The age-old argument of violent video games causing aggressive behavior continues to be the topic of many debates. While a lot of experiments have already been conducted on this issue, a new series of studies performed over a ten year period by Sarah M. Coyne and Laura Stockdale may finally put an end to it.
As reported by GameSage, a recently published study titled “Growing Up with Grand Theft Auto: A 10-Year Study of Longitudinal Growth of Violent Video Game Play in Adolescents” found there to be no connection between the playing of violent video games and rise of aggressive behavior over a lengthy time period.
As mentioned in the abstract of the study, a person-centered approach was opted for in order to “examine trajectories, predictors, and outcomes of violent video game play over a 10-year period”. This approach sets this study apart from others by analyzing how variables compare with each individual and not how they correlate with other variables.
The results were grouped into three categories: high initial violence (4 percent), moderate (23 percent), and low increasers (73 percent).

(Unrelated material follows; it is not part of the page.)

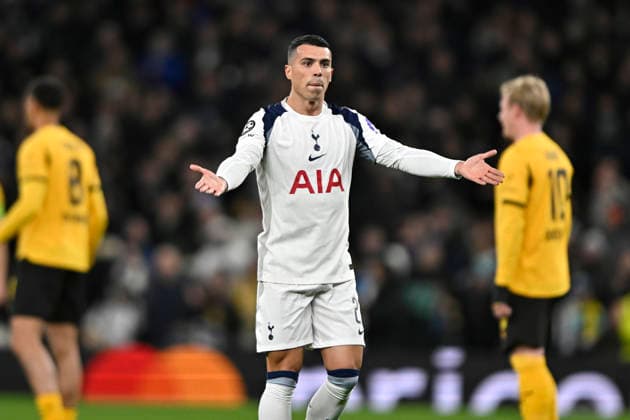 Spurs vs Borussia Dortmund Champions League Pedro Porro of Tottenham Hotspur during the UEFA Champions League match: Tottenham Hotspur vs Borussia Dortmund at the Tottenham Hotspur Stadium London. London Tottenham Hotspur Stadium UK Copyright: xMartinxDaltonx Spurs_vs_Dortmund_200126_MD_009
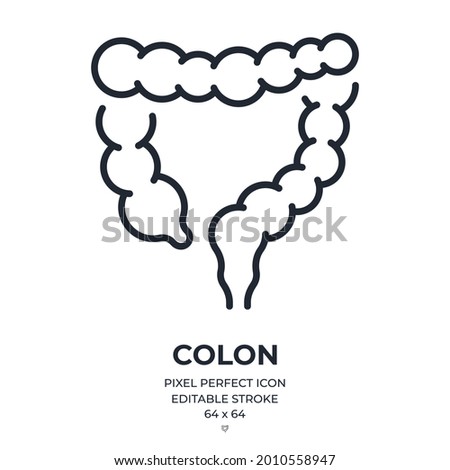 Colon or large intestine editable stroke outline icon isolated on white background flat vector illustration. Pixel perfect. 64 x 64.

Furthermore, violent video games were more popular among males than they were among females. Those within the high initial violence group were more likely to be male, and after the initial wave showed signs of depression. The study notes that there was “no difference in prosocial behavior at the final time point across all the three groups, but individuals in the moderate group displayed the highest levels of aggressive behavior at the final wave.”
Violent game play at an early age may have a noticeable impact, but aggressive behavior among the low increasers group was found to be “no higher” than the high initial violence group at the final time point. This proves that while immediate change in behavior is plausible, the long-term effects of playing violent video games do not cause aggressive behavior.